Time Inc. purchased American Express Publishing Corporation's suite of titles, including Travel + Leisure, Food & Wine, Departures, Black Ink and Executive Travel on October 1, 2013. On January 14, 2014, Time Inc. announced that Colin Bodell was joining the company in the newly created position of executive vice president and chief technology officer. However, he was let go May 19, 2016 On February 5, 2014, Time Inc. announced that it was cutting 500 jobs with most of the layoffs at American Express Publishing. From April 2014 to mid-2017, the Chairman of Time Inc. was Joseph A. Ripp, who had been Chief Executive since September 2013 and continued as Executive Chairman when replaced as CEO by Battista. Though Ripp had intended to remain Executive Chairman until 2018, he wound up leaving the board in 2017 and John Fahey served as non-executive chairman for the months prior to the company's sale to Meredith. On May 28, 2015, Time Inc. announced the purchase of entertainment and sports news site FanSided.  In July 2015, Time Inc. acquired League Athletics in Tucson, SportsSignup in Saratoga Springs, and  in Los Alamitos. The three companies will be a part of Sports Illustrated Play.

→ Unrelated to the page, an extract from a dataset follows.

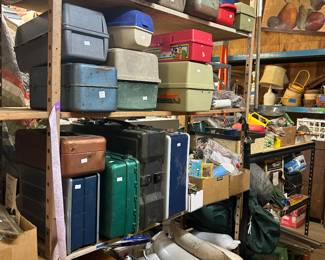 Fishing tackle lures boat anchors boat bumpers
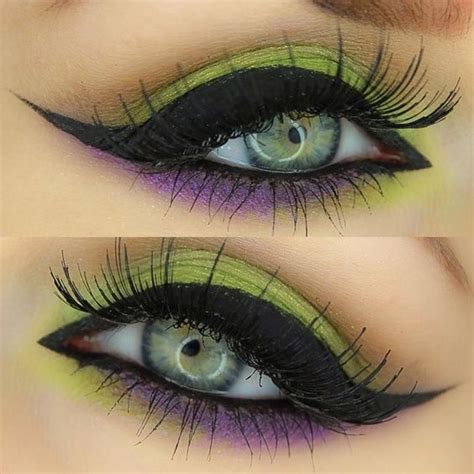 Purple And Green Eye Makeup Via Eyeshadow Makeup Makeup Art Beauty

After attempting a few TV shows in 2014 and 2015, the company formed Time Inc. Productions in 2016 as its in-house production company. On February 11, 2016, Time Inc. announced that it has acquired Viant, a leading people based marketing platform and owner of MySpace.

Meredith and IAC purchases 

In February 2017, it was reported that Meredith Corporation and a group of investors led by Edgar Bronfman Jr. were considering purchasing Time Inc. In 2016, Time Inc. acquired Bizrate Insights. On April 28, 2017, the company's board of directors dropped the plan of selling the company and instead focus on growth strategies.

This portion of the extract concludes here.